* _What to do_:
Of the entries below, return only those lines from the line with "Люксовый брючный костюм" to the line with "Sink Cabinet with", exactly, both included.

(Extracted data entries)
- - -

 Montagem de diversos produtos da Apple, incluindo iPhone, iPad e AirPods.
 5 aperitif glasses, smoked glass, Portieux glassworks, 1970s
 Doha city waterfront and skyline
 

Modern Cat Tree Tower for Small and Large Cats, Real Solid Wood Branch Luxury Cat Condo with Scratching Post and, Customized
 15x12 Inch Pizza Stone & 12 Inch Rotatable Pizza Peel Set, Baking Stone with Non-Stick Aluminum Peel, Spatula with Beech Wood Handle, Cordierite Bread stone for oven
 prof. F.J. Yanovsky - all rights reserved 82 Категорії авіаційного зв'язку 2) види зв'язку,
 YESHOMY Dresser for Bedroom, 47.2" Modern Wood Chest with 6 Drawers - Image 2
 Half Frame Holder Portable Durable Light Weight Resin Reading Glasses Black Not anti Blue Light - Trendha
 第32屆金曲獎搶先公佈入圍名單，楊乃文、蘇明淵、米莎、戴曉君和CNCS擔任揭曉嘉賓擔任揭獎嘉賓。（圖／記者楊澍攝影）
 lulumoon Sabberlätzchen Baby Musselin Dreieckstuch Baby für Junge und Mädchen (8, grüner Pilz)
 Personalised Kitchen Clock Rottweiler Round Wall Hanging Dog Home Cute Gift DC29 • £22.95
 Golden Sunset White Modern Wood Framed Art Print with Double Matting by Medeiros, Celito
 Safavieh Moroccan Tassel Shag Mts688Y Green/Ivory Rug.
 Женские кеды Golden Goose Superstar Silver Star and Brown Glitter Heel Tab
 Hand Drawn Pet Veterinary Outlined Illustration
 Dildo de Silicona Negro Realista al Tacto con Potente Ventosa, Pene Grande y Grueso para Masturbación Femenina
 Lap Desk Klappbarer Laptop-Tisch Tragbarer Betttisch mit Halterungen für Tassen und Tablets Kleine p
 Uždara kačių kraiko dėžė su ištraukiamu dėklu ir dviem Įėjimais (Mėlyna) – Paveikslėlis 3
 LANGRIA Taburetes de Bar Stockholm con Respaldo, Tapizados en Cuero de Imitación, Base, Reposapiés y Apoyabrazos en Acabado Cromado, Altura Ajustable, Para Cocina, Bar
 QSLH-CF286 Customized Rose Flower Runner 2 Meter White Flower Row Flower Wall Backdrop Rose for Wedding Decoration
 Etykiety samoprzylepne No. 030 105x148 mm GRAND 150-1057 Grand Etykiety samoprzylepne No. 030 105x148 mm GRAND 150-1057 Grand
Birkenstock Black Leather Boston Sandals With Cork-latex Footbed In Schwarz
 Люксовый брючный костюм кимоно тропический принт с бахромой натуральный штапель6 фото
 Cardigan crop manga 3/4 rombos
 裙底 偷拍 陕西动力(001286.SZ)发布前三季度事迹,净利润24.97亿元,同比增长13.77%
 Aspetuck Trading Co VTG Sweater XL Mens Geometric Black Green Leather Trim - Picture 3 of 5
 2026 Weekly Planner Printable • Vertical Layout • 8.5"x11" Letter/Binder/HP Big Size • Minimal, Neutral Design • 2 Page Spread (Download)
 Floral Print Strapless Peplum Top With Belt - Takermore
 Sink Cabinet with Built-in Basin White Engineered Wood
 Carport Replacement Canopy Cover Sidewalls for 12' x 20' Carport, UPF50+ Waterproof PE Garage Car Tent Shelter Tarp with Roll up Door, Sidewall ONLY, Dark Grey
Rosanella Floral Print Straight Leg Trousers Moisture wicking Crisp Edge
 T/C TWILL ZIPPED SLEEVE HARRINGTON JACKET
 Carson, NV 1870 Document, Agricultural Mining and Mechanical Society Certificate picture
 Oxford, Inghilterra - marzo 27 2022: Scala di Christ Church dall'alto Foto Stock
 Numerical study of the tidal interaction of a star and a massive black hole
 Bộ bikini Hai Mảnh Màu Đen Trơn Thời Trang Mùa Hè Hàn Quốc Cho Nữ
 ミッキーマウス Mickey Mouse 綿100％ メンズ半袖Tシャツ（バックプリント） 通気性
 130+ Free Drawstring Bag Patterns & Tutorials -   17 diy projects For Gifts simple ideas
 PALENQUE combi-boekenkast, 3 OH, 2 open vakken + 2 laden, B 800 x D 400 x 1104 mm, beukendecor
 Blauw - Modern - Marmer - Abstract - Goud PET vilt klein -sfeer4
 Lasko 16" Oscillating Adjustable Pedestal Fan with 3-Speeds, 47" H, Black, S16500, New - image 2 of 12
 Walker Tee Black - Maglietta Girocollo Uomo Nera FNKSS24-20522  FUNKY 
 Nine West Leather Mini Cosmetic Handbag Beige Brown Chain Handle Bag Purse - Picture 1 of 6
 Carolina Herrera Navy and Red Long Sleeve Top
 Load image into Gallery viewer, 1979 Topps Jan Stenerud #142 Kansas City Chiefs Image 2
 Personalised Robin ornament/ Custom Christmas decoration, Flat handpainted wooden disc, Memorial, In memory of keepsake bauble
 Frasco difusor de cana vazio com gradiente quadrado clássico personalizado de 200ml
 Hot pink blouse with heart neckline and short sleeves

- - -

* _Completed exercise_:
 Люксовый брючный костюм кимоно тропический принт с бахромой натуральный штапель6 фото
 Cardigan crop manga 3/4 rombos
 裙底 偷拍 陕西动力(001286.SZ)发布前三季度事迹,净利润24.97亿元,同比增长13.77%
 Aspetuck Trading Co VTG Sweater XL Mens Geometric Black Green Leather Trim - Picture 3 of 5
 2026 Weekly Planner Printable • Vertical Layout • 8.5"x11" Letter/Binder/HP Big Size • Minimal, Neutral Design • 2 Page Spread (Download)
 Floral Print Strapless Peplum Top With Belt - Takermore
 Sink Cabinet with Built-in Basin White Engineered Wood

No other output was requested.